Making American foreign policy involves a mix of perspectives and experiences... On the Bush Administration national security team, the diversity of our talents, I believe, forms our strength. We are a strong team, and the President is the leader of that team. It is his foreign policy, driven by his vision of a better world, a better world that we can help shape. It is a vision that is firmly rooted in the values, hopes and principles of the electorate, the people, the American people who brought him to high office.

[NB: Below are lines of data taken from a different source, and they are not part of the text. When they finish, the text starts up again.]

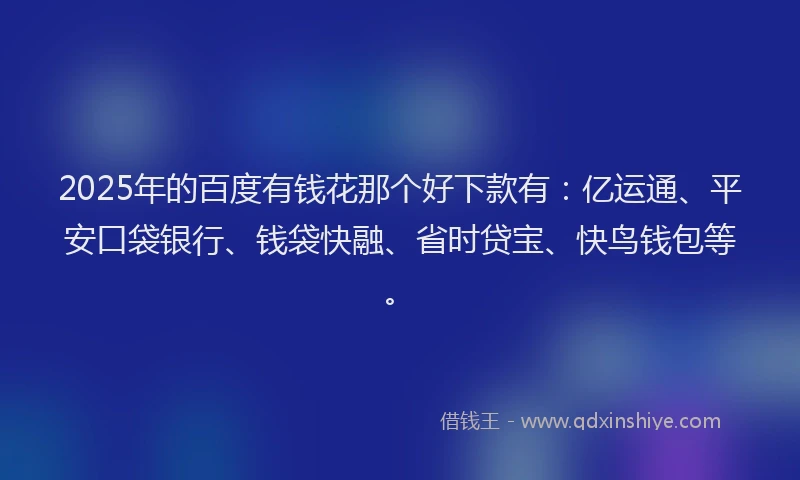 2025年的百度有钱花那个好下款有：亿运通、平安口袋银行、钱袋快融、省时贷宝、快鸟钱包等。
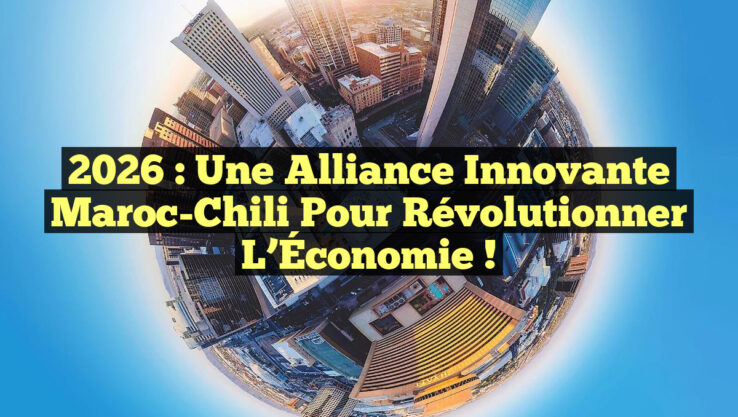 2026 : Une Alliance Innovante Maroc-Chili pour Révolutionner l’Économie ! 2026 : Une Alliance Innovante Maroc-Chili pour Révolutionner l’Économie !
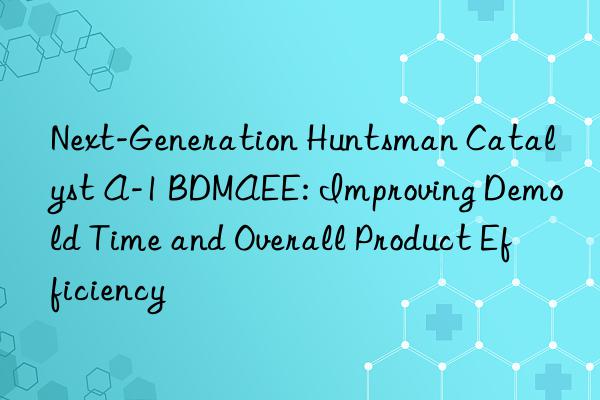 Next-Generation Huntsman Catalyst A-1 BDMAEE: Improving Demold Time and Overall Product Efficiency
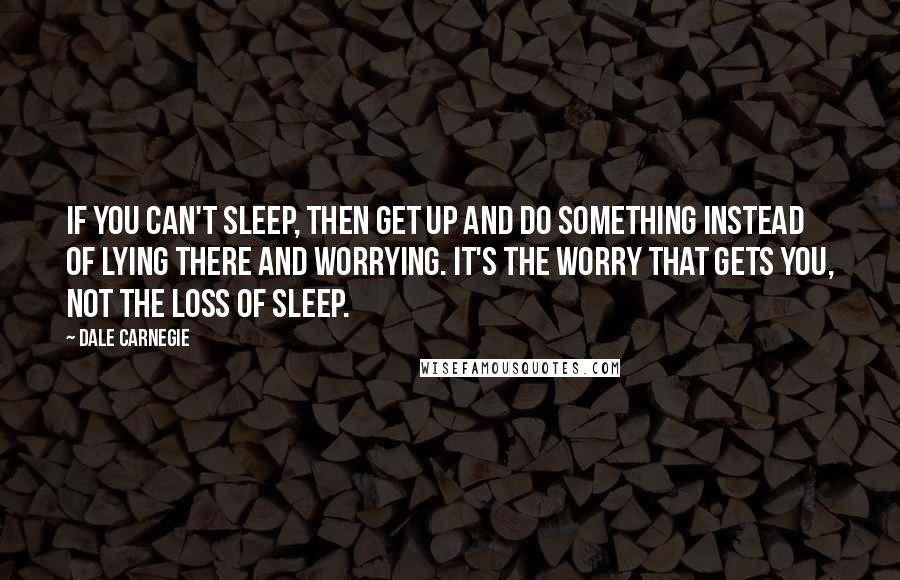 Dale Carnegie Quotes: If you can't sleep, then get up and do something instead of lying there and worrying. It's the worry that gets you, not the loss of sleep.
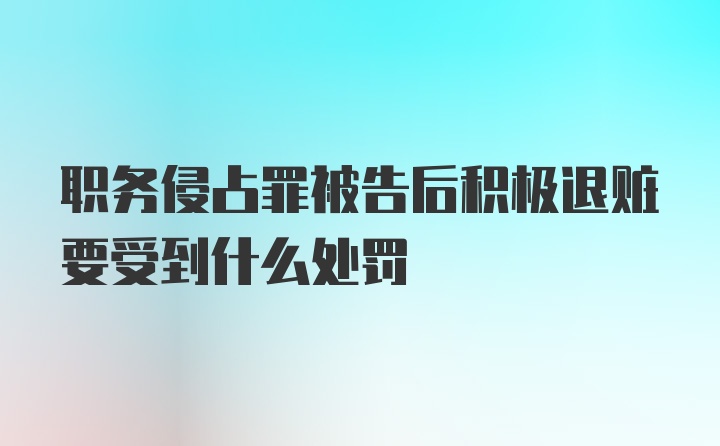 职务侵占罪被告后积极退赃要受到什么处罚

But a vision isn't enough. The President needs a strategy to design and execute foreign policy. And by strategy, I don't mean 19th century "grand strategy," that classical kind of strategy that used to be characteristic of an imperial sense of the world. And the reason I don't mean that is because the United States does not seek a territorial empire. We have never been imperialists. We seek a world in which liberty, prosperity and peace can become the heritage of all peoples, and not just the exclusive privilege of a few.

And by strategy here, I do mean the translation of the President's vision into policies, policies that are coherent and that will appeal to the needs of the world, the desires of people in need throughout the world. And the translation requires the establishment of priorities, and that's critical because it is through priorities that a foreign policy strategy transforms vision into reality. President Bush has a vision. He has established priorities. His policies are unified by a strategy - which was laid out publicly about a year ago in a document called the National Security Strategy of the United States.

The National Security Strategy gained attention in the aftermath of 9/11 because it made explicit the concept of preemption - and it made it explicit for obvious reasons. As the President says, and as anyone can understand, if you can see a clear and present threat, a danger coming at you, you do not wait for it to arrive. You deal with it. You preempt. You don't wait for it to strike. It is not a new concept, but it took on new meaning in light of the changed world we faced after 9/11.

But the President's National Security Strategy covers far more than just preemption. Above all, the President's strategy is a strategy of partnerships. It strongly affirms the vital role of the partnerships that we have throughout the world - our partnership with NATO, our partnership with the United Nations and with so many other precious alliances that we have created over the last 50 years.

And the President's strategy doesn't rest on old alliances. It calls for new partnerships, new alliances, to meet new challenges.

Some new partnerships are global in scope, and quite different from the old-fashioned security kinds of partnerships. I have in mind here the Global Trust Fund that we helped set up with the United Nations to fight the scourge of HIV/AIDS around the world. HIV/AIDS: the greatest killer on the face of the Earth today, the greatest weapon of mass destruction on the face of the Earth today. And the President has made this a centerpiece of his foreign policy strategy.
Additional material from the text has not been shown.